Segundo Gerson de Paula, médico onco-hematologista do Hospital Israelita Albert Einstein e da Abrale (Associação Brasileira de Linfoma e Leucemia), os trabalhos científicos mostram que o ideal é manter o paciente sem sinais da doença em observação clínica, ou seja, fazer o chamado watch and wait (observar e esperar), e somente iniciar o tratamento quando houver a presença de sintomas.
Quando o tratamento é indicado?
O tratamento é indicado em algumas situações como quadros de anemia, perda de peso, cansaço significativo que impossibilita a pessoa de trabalhar ou de realizar atividades do dia dia, sudorese noturna persistente sem evidência de infecção, entre outros.

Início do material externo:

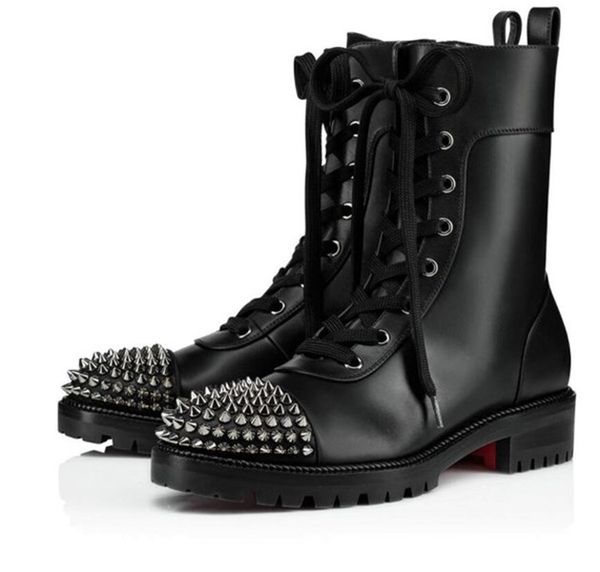 winter luxury ts croc spikes high heels red bottom ankle boots women platform sole ladies bottes fashion booties party wedding dress eu43, Black
winter luxury ts croc spikes high heels red bottom ankle boots women platform sole ladies bottes fashion booties party wedding dress eu43, Black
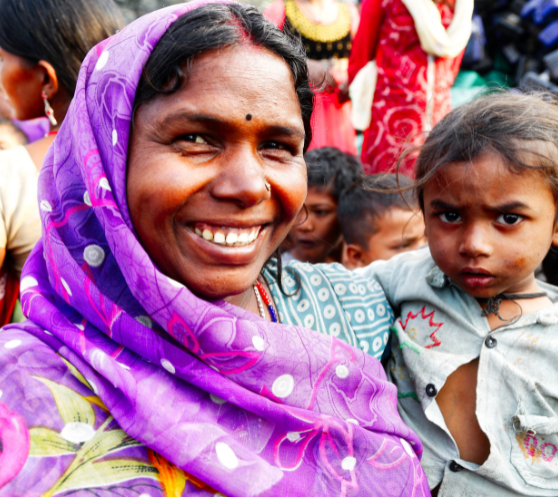 Old People and Children Trouble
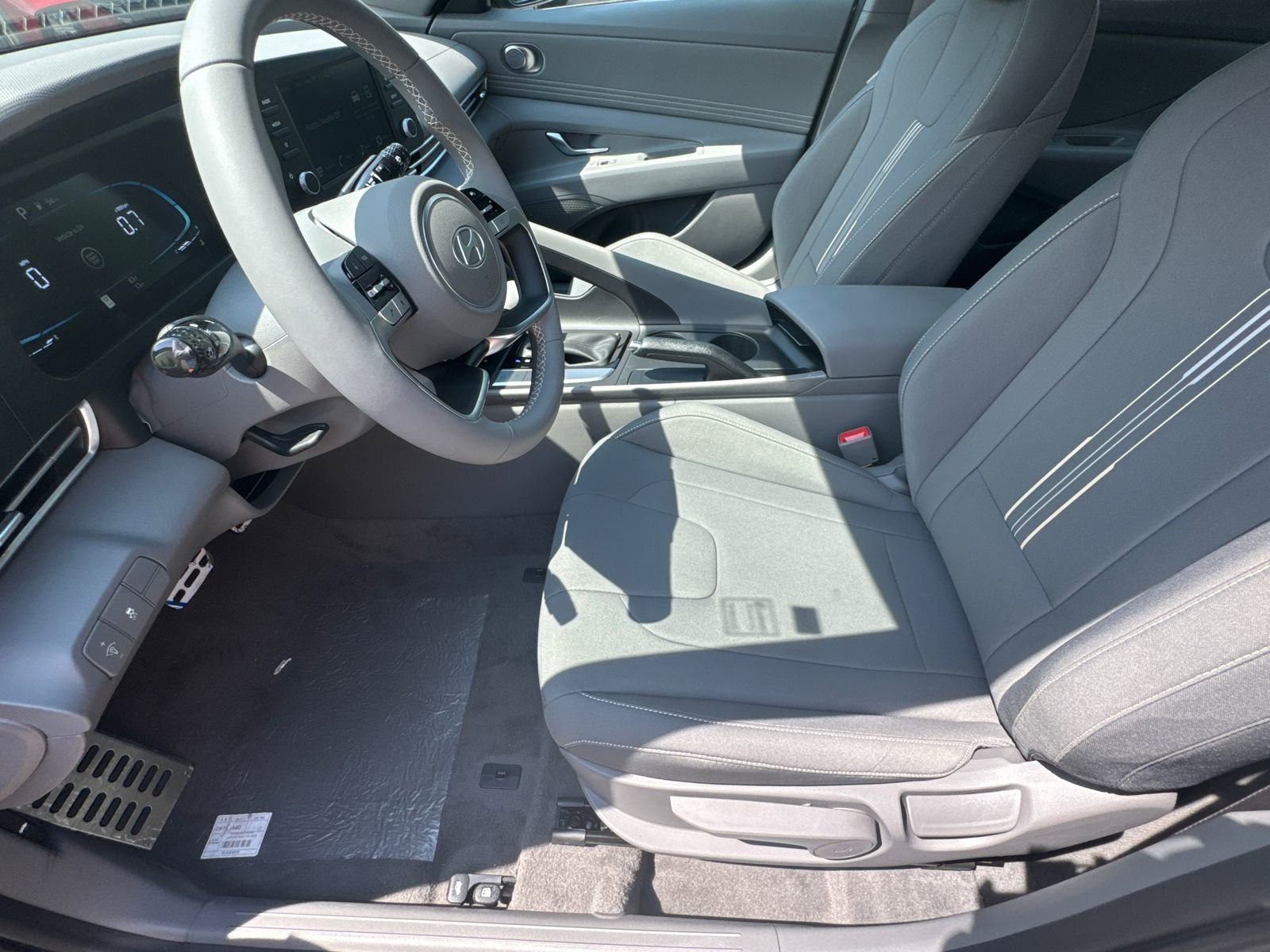 2025 Hyundai Elantra Sport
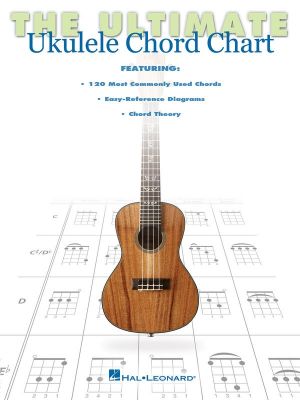 The Ultimate Ukulele Chord Chart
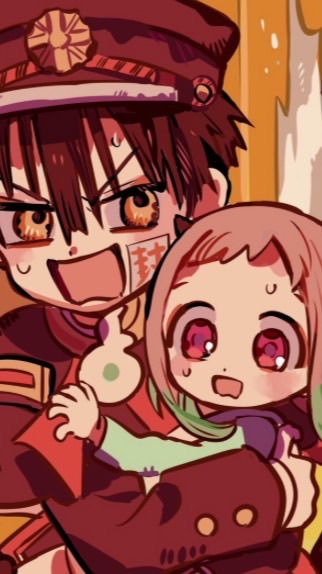 地縛少年花子くんなりきり！🔪👻
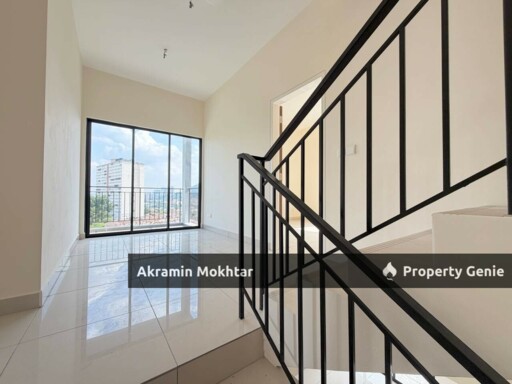 Corner Lot | 3 Storey Superlink Nassim Heights, Taman Ukay Bistari, Ampang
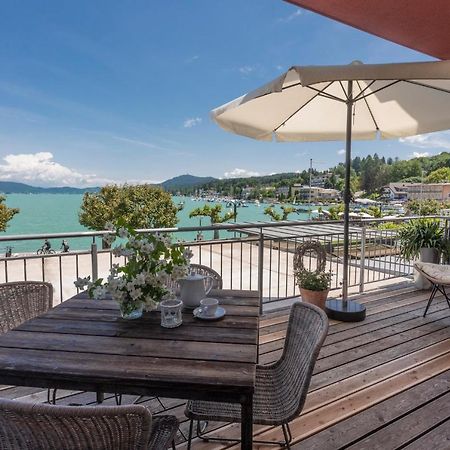 Seeapartment Da Leopoldo I Velden am Wörther See Extérieur photo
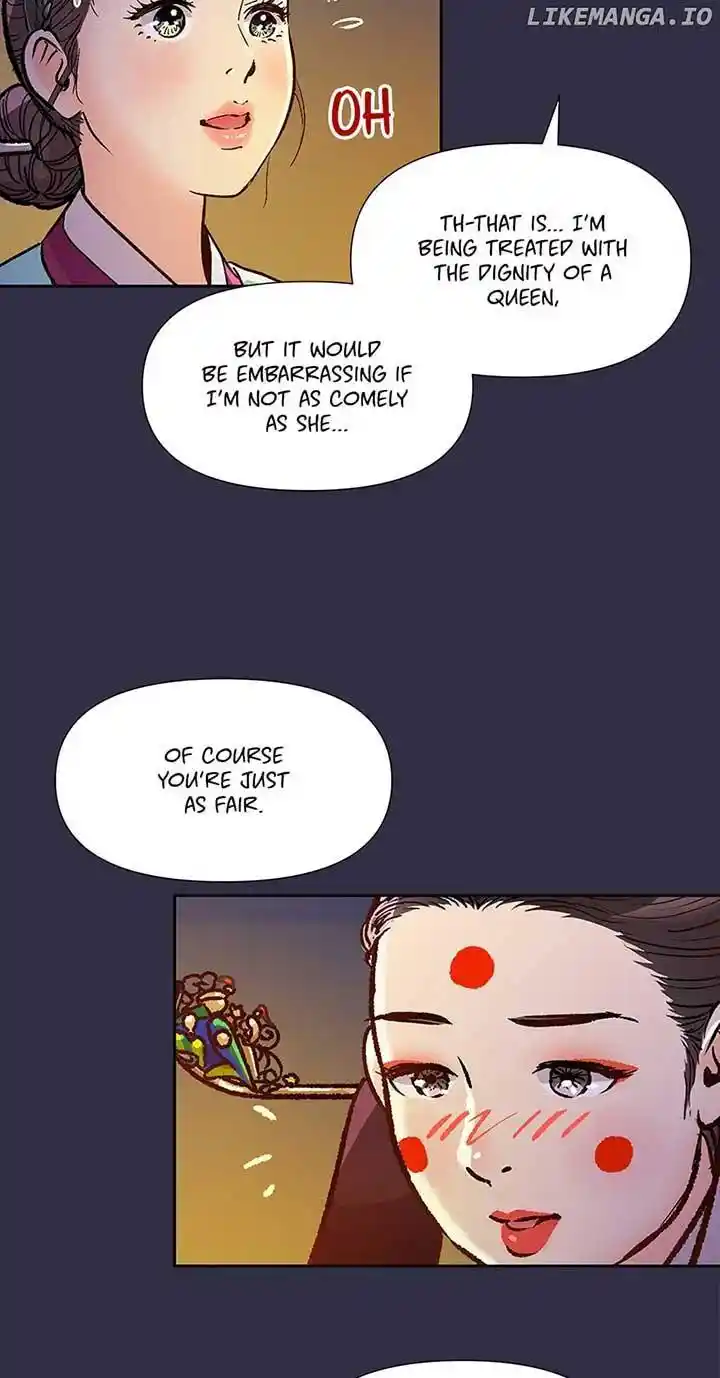 The Red Sleeve Chapter 109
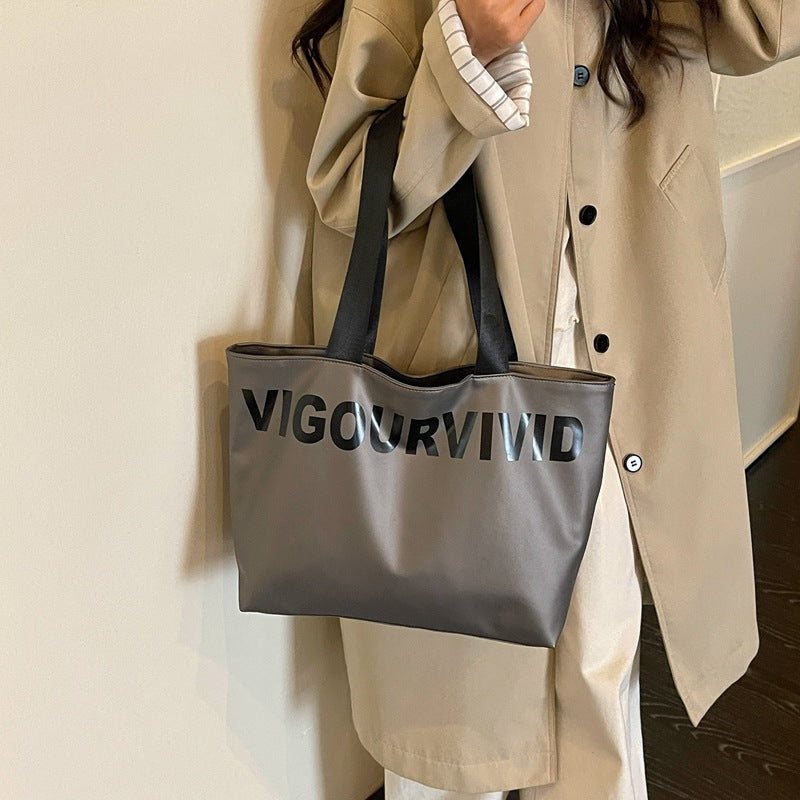 WoSpacious Utility Tote Bag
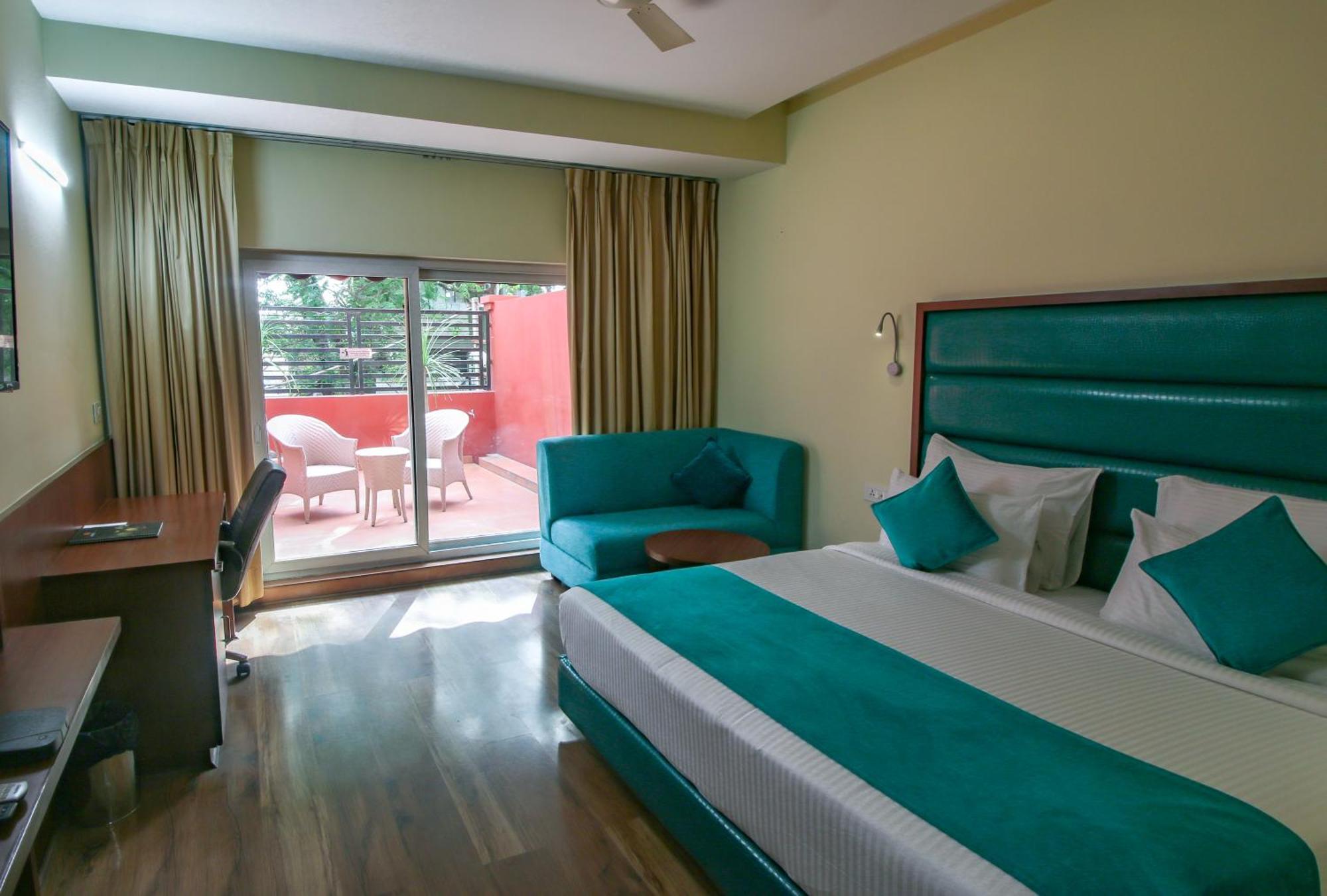 Hotel Cama Mohali Exterior photo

O tratamento pode ser feito com quimioterapia, imunoterapia, terapia-alvo e transplante de medula óssea —esse último pouco utilizado nos dias de hoje.
Por ser uma doença crônica de evolução bem lenta, em muitos casos os pacientes ficarão monitorando o quadro sem precisar realizar nenhum tipo de tratamento. Para aqueles que precisam tratar, as respostas clínicas costumam ser positivas, com poucos efeitos colaterais.